Over the past few days she had wept until she’d realised that weeping did no good. Then she had sat and wiped her eyes and decided that her only choice was to accept what life had dealt her. She loved Zared, but she was not to be allowed to consummate that love. Well, that was the lot of a princess. It was foolish to dream of being a peasant woman and choosing as her mate a man she loved. She was not. She had been raised in privilege, and lived in privilege, and for that privilege she had to mate with whomever her brother and Caelum decided would be best.
“I must trust them,” she muttered as she laced her boots over her breeches – Leagh always rode astride -“and I must believe that they will choose a man kind and compassionate.” Her mouth curled bitterly. “As well as politically acceptable.”
She must forget Zared. She would rarely, if ever, see him again anyway. “Gods, let Caelum find me a husband a thousand leagues away from Zared,” she said, staring at the door. “For I could not bear to meet with him again.”

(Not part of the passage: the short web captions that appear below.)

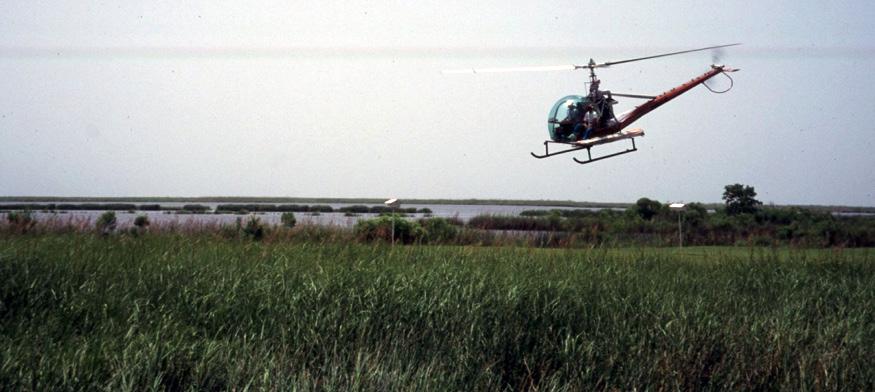 Figure 2. Helicopters are used to find and mark a GPS location of alligator nests. on the ground in locating the nest.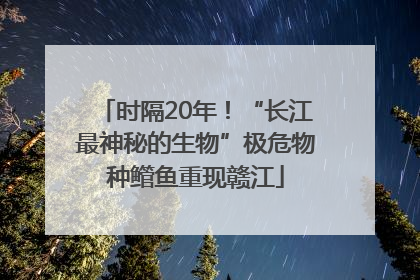 时隔20年！“长江最神秘的生物”极危物种鳤鱼重现赣江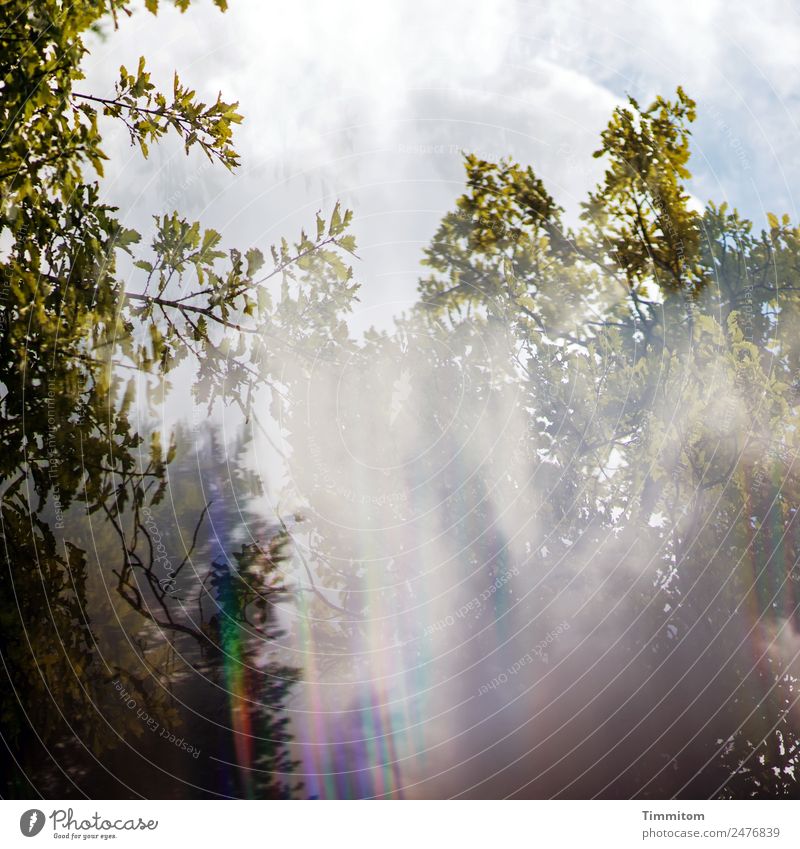 Special forest atmosphere Environment Nature Plant Sky Clouds Sunlight Weather Tree Forest Blue Green Prismatic colour Colour photo Exterior shot Deserted Day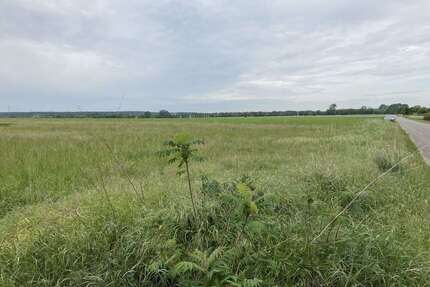 Grundstück zu verkaufen in Siestedt 99.000,00 € 10000 m²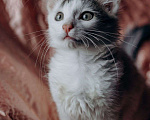 Кошки в Москве: Котята Симба и Пуфик ищут дом! Мальчик, Бесплатно - фото 7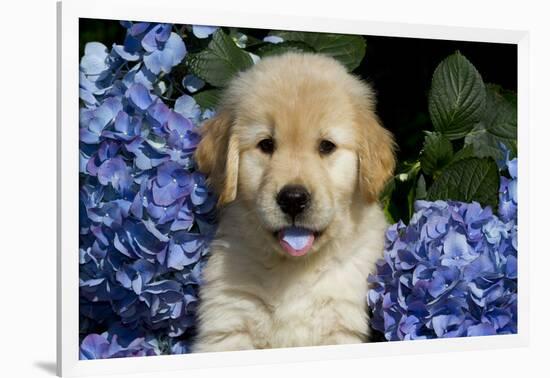 Golden Retriver Pup Blue Hydrangea Petal in its Mouth, Kingston, Illinois, USA-Lynn M^ Stone-Framed Photographic Print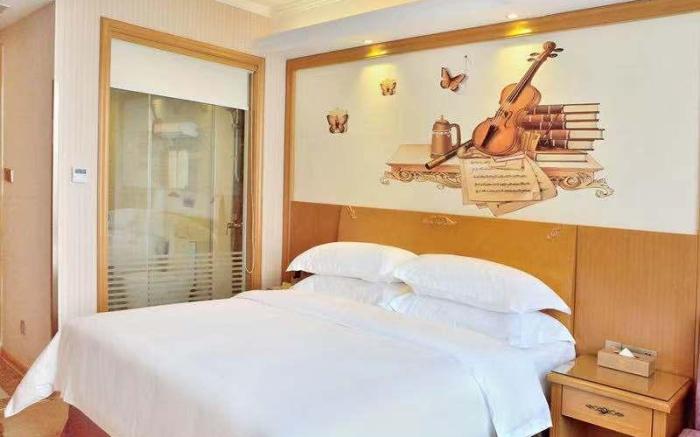 Vienna Hotel Hefei Mingzhu Plaza University Town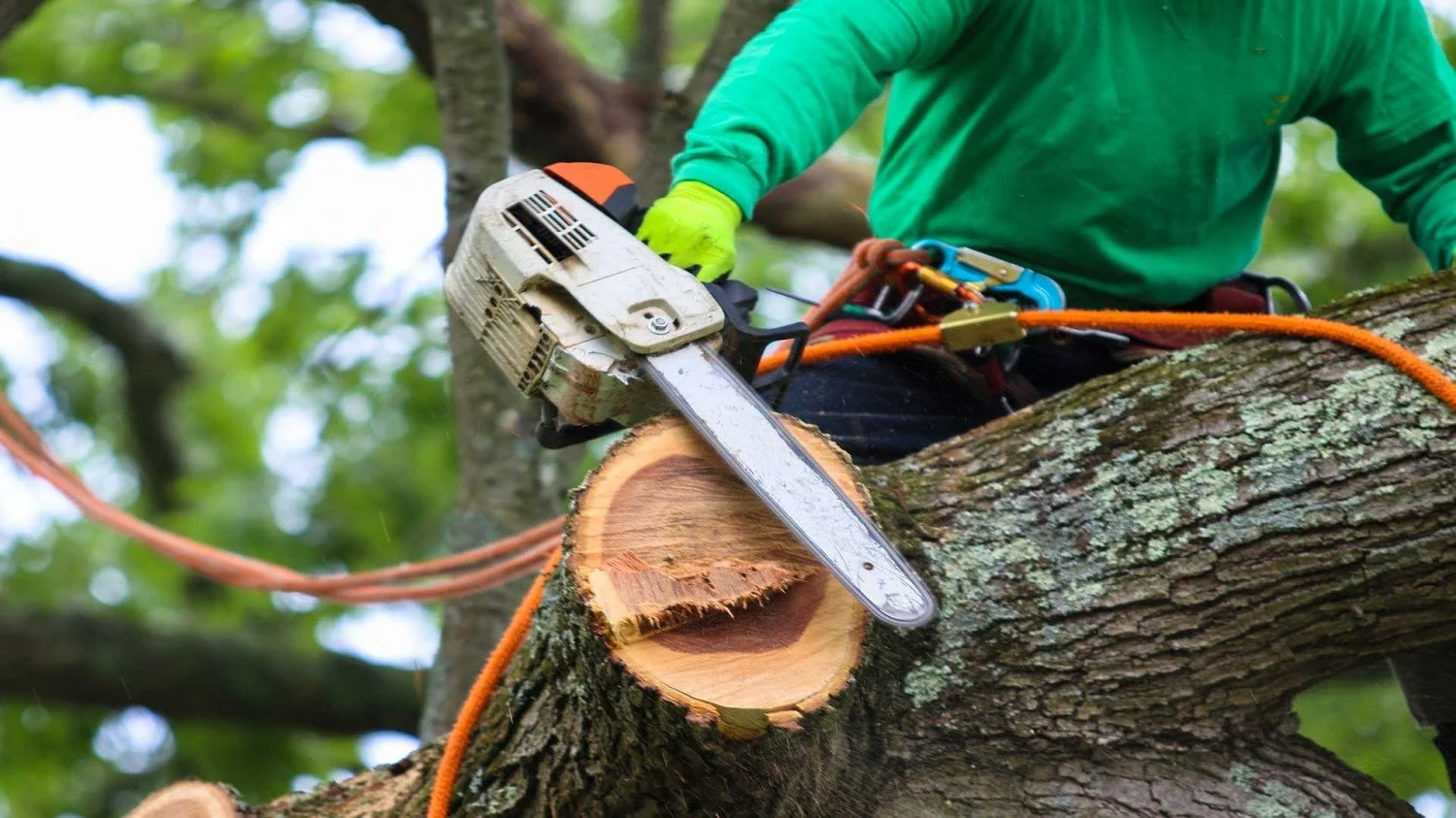 A person using a chainsaw to cut through a tree branch.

Mentally shaking herself from her thoughts, Leagh looked about the room, finally picking up a blue cloak. There was nothing else to take home, for she’d brought nothing with her. In the time she’d been in Sigholt, she had shared with Zenith.
Gods! Where was Zenith? If anything served to take her mind away from her own problems, it was fear for her friend. Where could Zenith have got to? Something had been troubling her in the past few days, but Zenith had not been able to speak of it, and now she had gone. Had Drago been involved? Having killed one sister, had he then stolen his other one?